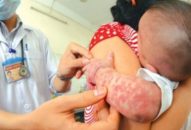 Chuyện thời cuộc: Hậu quả khôn lường!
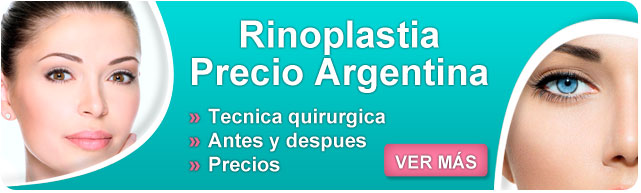 rinoplastia precio, costo de una rinoplastia, rinoseptoplastia postoperatorio, rinoplastia precio argentina, informacion complementaria, rinoplastia argentina precio, rinoplastia precios,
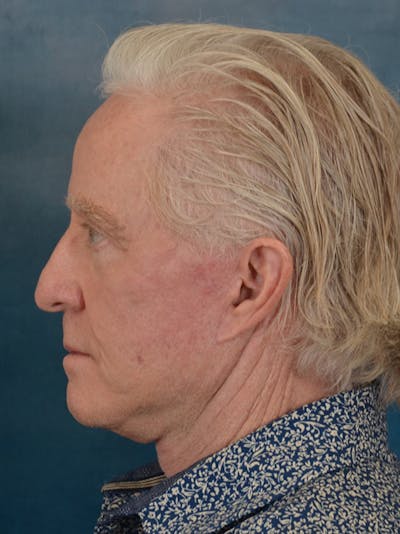 Deep Plane Facelift Before & After Gallery - Patient 711507 - Image 4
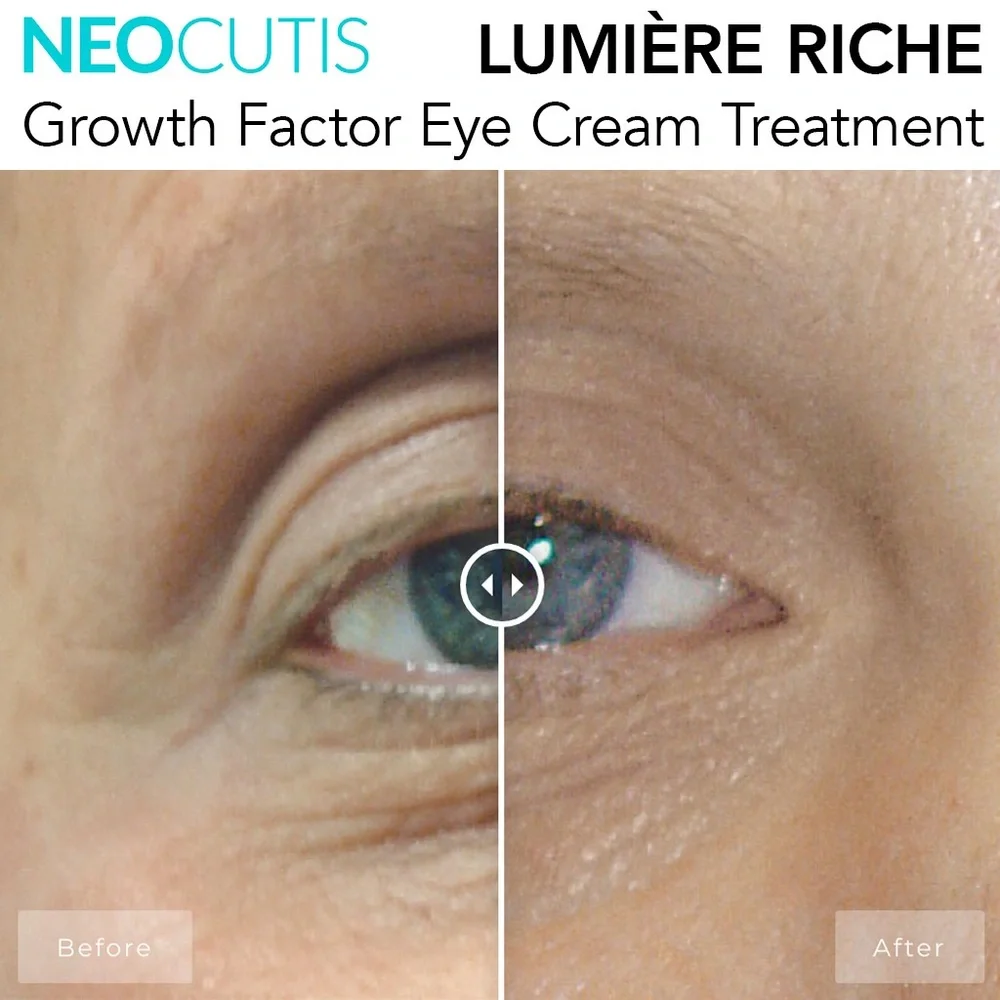 NEOCUTIS LUMIÈRE RICHE Growth Factor Eye Cream Treatment NEW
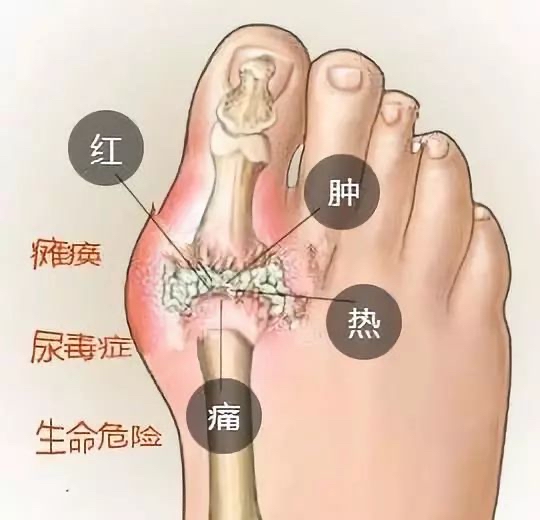 痛风专科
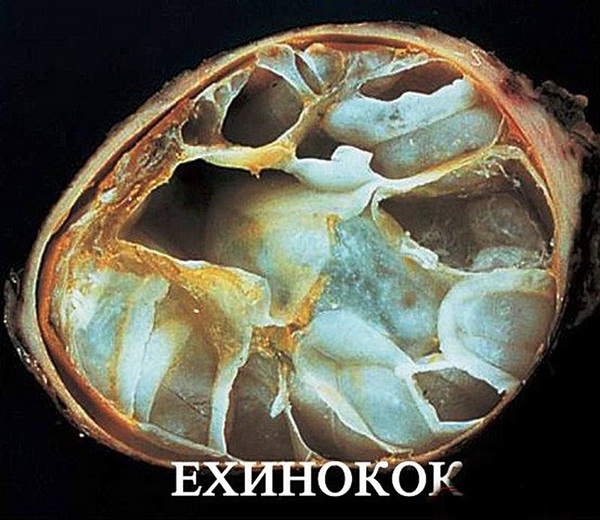 4 -эхинококк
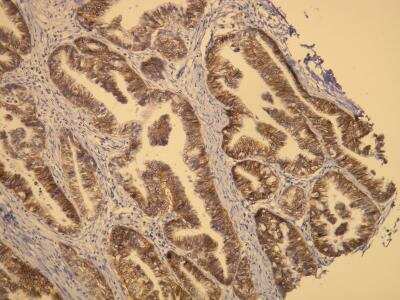Immunohistochemistry-Paraffin: ErbB2/Her2 Antibody (A24-V) [NBP1-79066] - ErbB2/Her2 protein expression (3+) in adenocarcinoma of stomach. Formalin fixed, paraffin embedded human tissues (4  um sections) stained with anti - ErbB2/Her2 monospecific antibody.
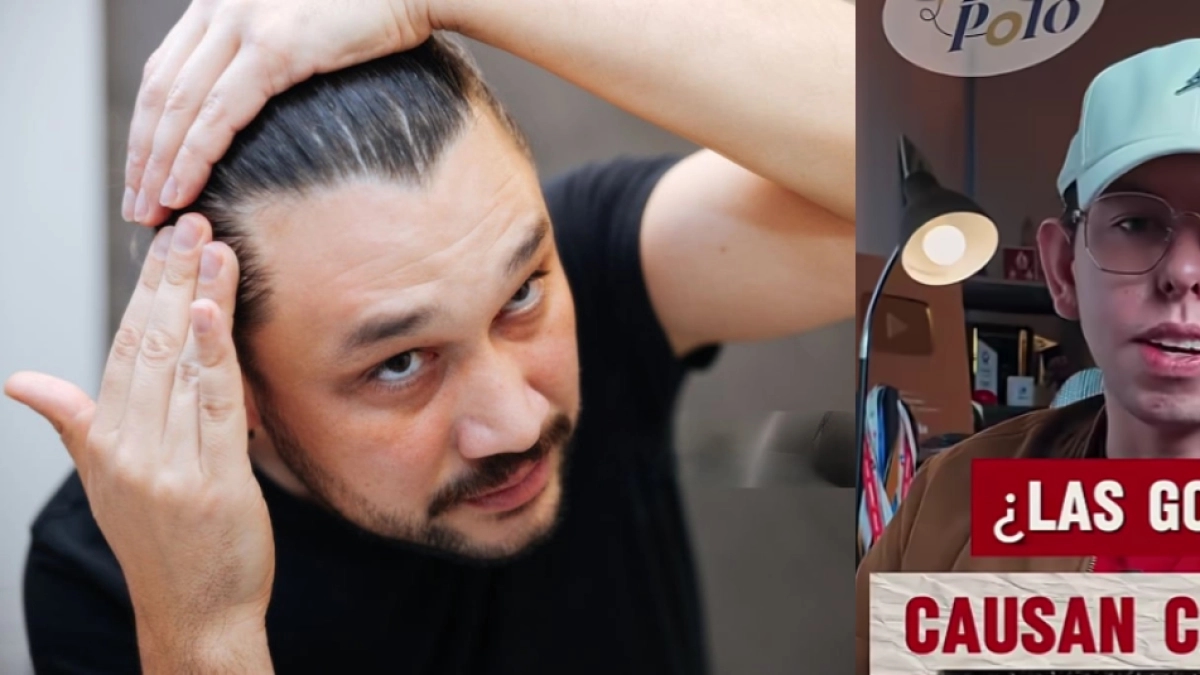 ¿Si utiliza gorra se puede quedar calvo? Expertos en dermatología responden a varios mitos sobre la alopecia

### PROBLEM DESCRIPTION:
Of the lines above, quote exactly those from the one with "NEOCUTIS LUMIÈRE RICHE" through the one with "Immunohistochemistry-Paraffin: ErbB2/Her2 Antibody", ends included; pictures stay out.

### WRITTEN RESPONSE:
 NEOCUTIS LUMIÈRE RICHE Growth Factor Eye Cream Treatment NEW
 痛风专科
 4 -эхинококк
Immunohistochemistry-Paraffin: ErbB2/Her2 Antibody (A24-V) [NBP1-79066] - ErbB2/Her2 protein expression (3+) in adenocarcinoma of stomach. Formalin fixed, paraffin embedded human tissues (4  um sections) stained with anti - ErbB2/Her2 monospecific antibody.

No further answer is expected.